Twice a year we freeze, thaw, and extract the concentrate of Gold Rush and Winesap juice in order to create the bases for our dessert ciders. We collect the gallons we need for each product and the remaining frozen juice reaches the end of its lifespan. Three years ago I continued to thaw the frozen juice and collected as much concentrate as possible. There cannot be any waste with what we do, everything can be repurposed, reused, or simply function as inspiration through small batch experiments. Hierophant stems from an exploration of questions and the uncertainty of experimentation.

What happens if you mature a cider on its lees for an extended period of time? Are there certain apples that produce ciders that can be cellared indefinitely, only improving with age? What would ice ciders taste like if they were fermented to dry? Can there be a cider that is as bold and aggressive as some red wines?

Concentrate is the essence of the apple once you diminish what constitutes the majority of its makeup – water. Once you reduce the water, you begin to see with a clearer focus the three main components of an apple – sugar, acid, and tannins. Tasting concentrate is tasting a drop removed from the sea of juice, producing intense flavors and aromas, an overwhelming sense of what the apple truly is.

An ancient priest known for interpreting sacred mysteries and the divine, Hierophant showcases the tannic essence of Winesap and the lifting acidity of Gold Rush. At the beginning of the year we scaled up the initial small batch experiment. The process from the first batch was recreated, both apples fermented to dry with a champagne yeast (10% ABV and 0.1% residual sugar). The cider matured on its lees (settled yeast, apple gunk, etc) for over ten months. Each month we stirred the lees back into suspension, allowing it to settle again and again.
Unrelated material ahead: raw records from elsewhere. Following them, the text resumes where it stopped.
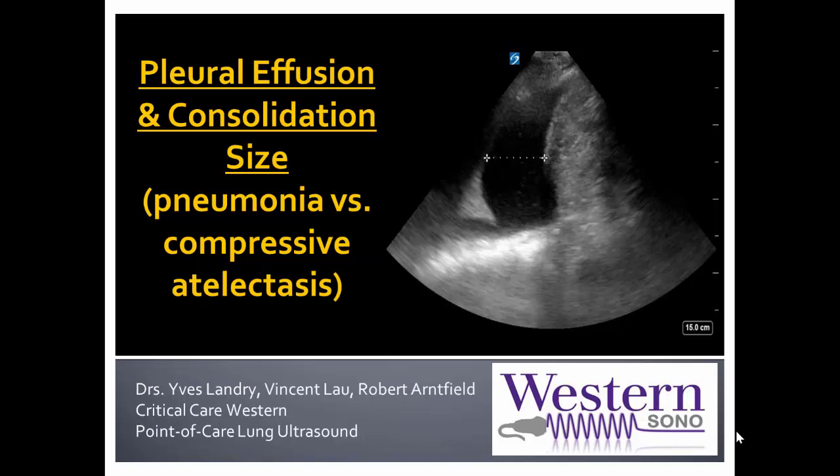I would also like to acknowledge Dr. Rob Arnfield, who is the Champion of Critical Care Ultrasound here at Western. Through this screencast, I hope to give you the tools required to interpret a consolidation with an adjacent pleural effusion as being either pneumonia with peri-pneumonic effusion, or primary effusion with compressive atelectasis.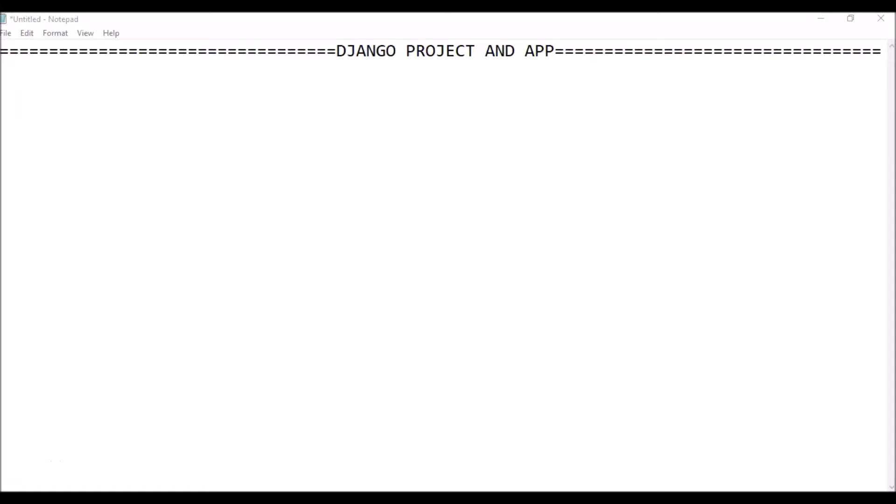Hello everyone, welcome back to Technocrat NJ. I'm now back with a new tutorial about Django for you. Today we'll be learning how we can create a project and an app in Django.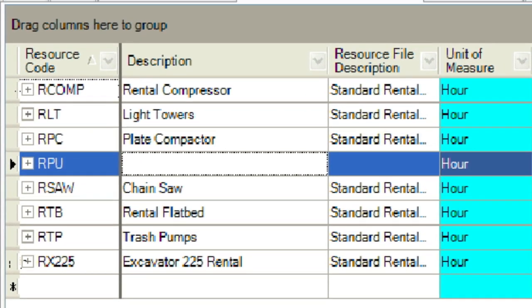The new rental construction equipment resource moves up in the list because we have our register sorted on the code column. Now we will add the description, resource file description, default quantity, and organizational category information directly on the register view.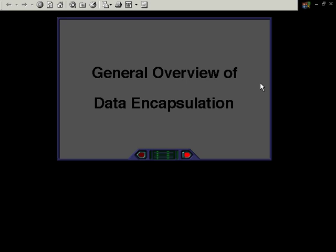In this video presentation we'll be looking at data encapsulation. One of the exam objectives for the CCNA exam is that you know and understand data encapsulation very well.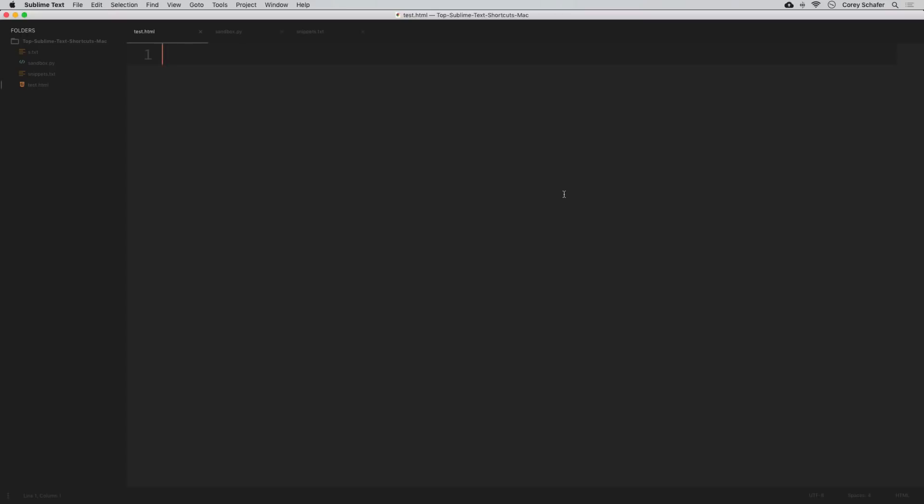In this video we'll be going over my favorite features and shortcuts in Sublime Text. Sublime Text is the editor I use in most of my videos and I get tons of questions about how I'm doing certain things or what features I'm using. Learning how to use the features and shortcuts of your editor can definitely help you be more productive and get things done more quickly.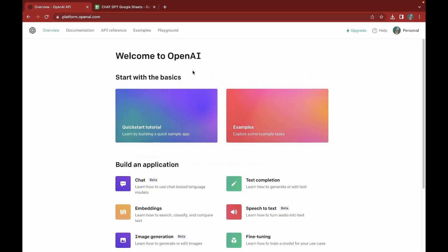Hey folks, welcome back to another video. Have you heard about ChatGPT? It's the latest buzz in the world of AI and everyone's eager to unleash its true powers. As I delved deeper, I wondered: is it possible to integrate ChatGPT with Google Sheets? Can we pass prompts from Google Sheets and get a response from ChatGPT? After some research I discovered that it's indeed possible using the OpenAI API. In this video we'll be exploring how to bring AI to your Google Spreadsheets using the OpenAI API and Google Apps Script. Let's get started.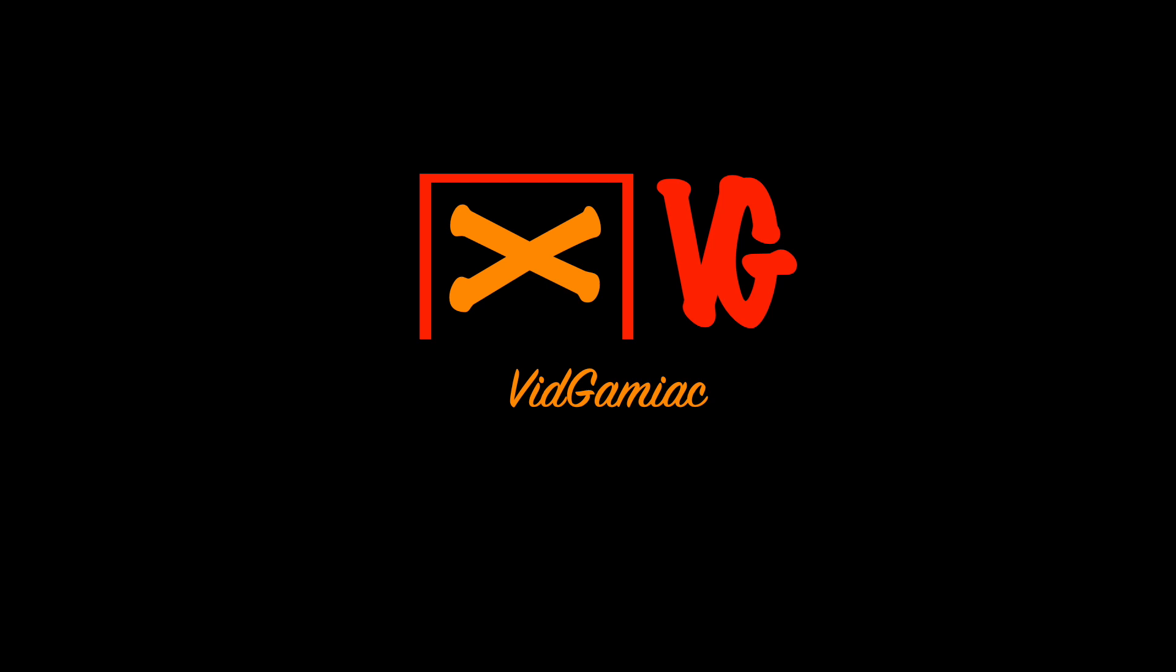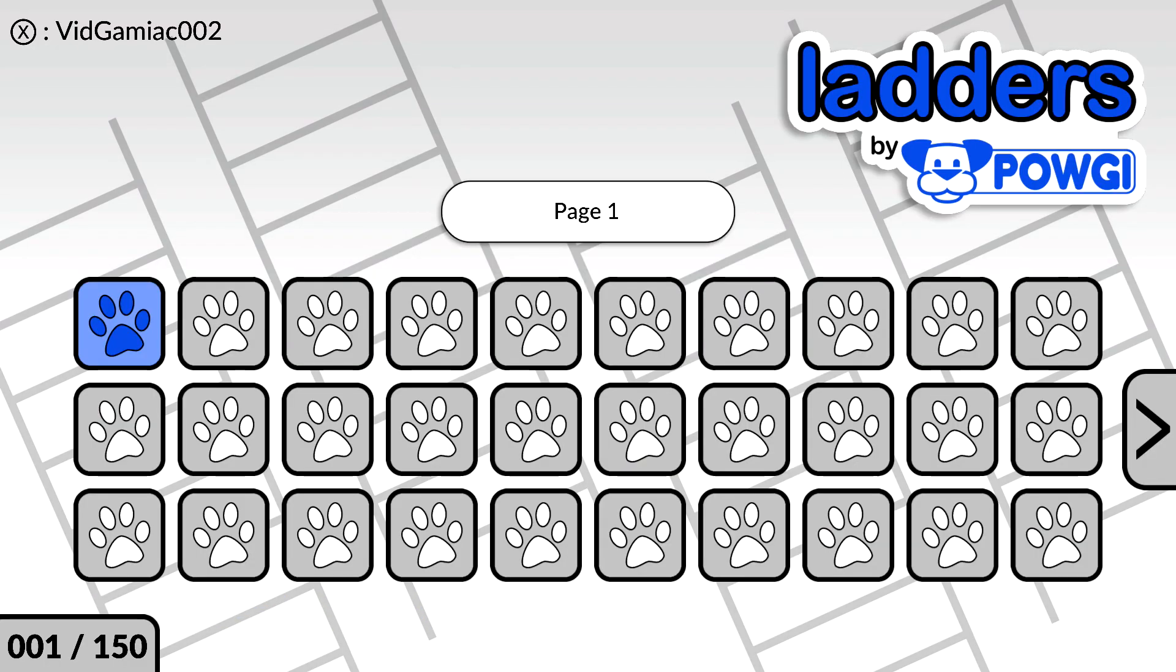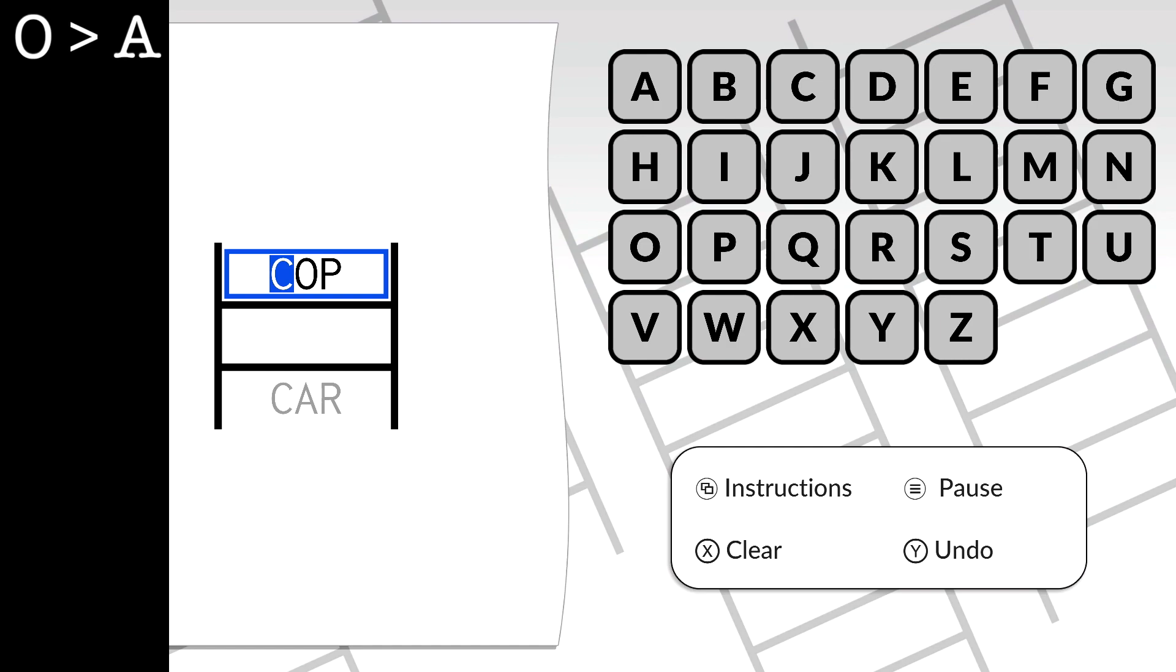Hey everybody, Sean here from TheGameMeAct.com. Here we are today in Ladders, grabbing the He's Gonna Step On You Again achievement. This is to restart a puzzle back to the beginning. This is easiest done on the first level.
The cider is still, dry and tannic like you wouldn’t believe. It is rich and full-bodied, filled with tropical notes from Gold Rush to offset the complex tannins from Winesap. Served at room temperature, the cider showcases its bolder, tannic tendencies. Served chilled, Hierophant’s intense characteristics are softened. Each temperature offers a unique drinking experience. In order to allow the complexity to unfold, we recommend serving Hierophant chilled and allowing it to warm up over a period of time. Hierophant unveils the mysteries of these apples and presents their primal characteristics in a complex cider.

-Manuel Garcia


  1. JohnE

    Do you have any thoughts on pairing? From my memory of trying it in the tasting room, it’s not something I think I would drink by itself, particularly.
    Not that everything has to fit into a neat category but I just can’t quite work out what this *is*! An aperitif? A dessert? A winter warmer?

    • Blue Bee Cider

      Hi John!
      This one does defy categories a bit. For pairings, think of things with a nice umami note: french onion soup, spiced nuts, stroganoff, etc. It would be nice with a cheese course as well. After you’ve tried some things, let us know what you recommend!

  2. Manuel

    As a side note, what we served for club members long ago was the initial small batch experiment. What we are getting ready to release in bottles is a more polished, refined version of that first batch.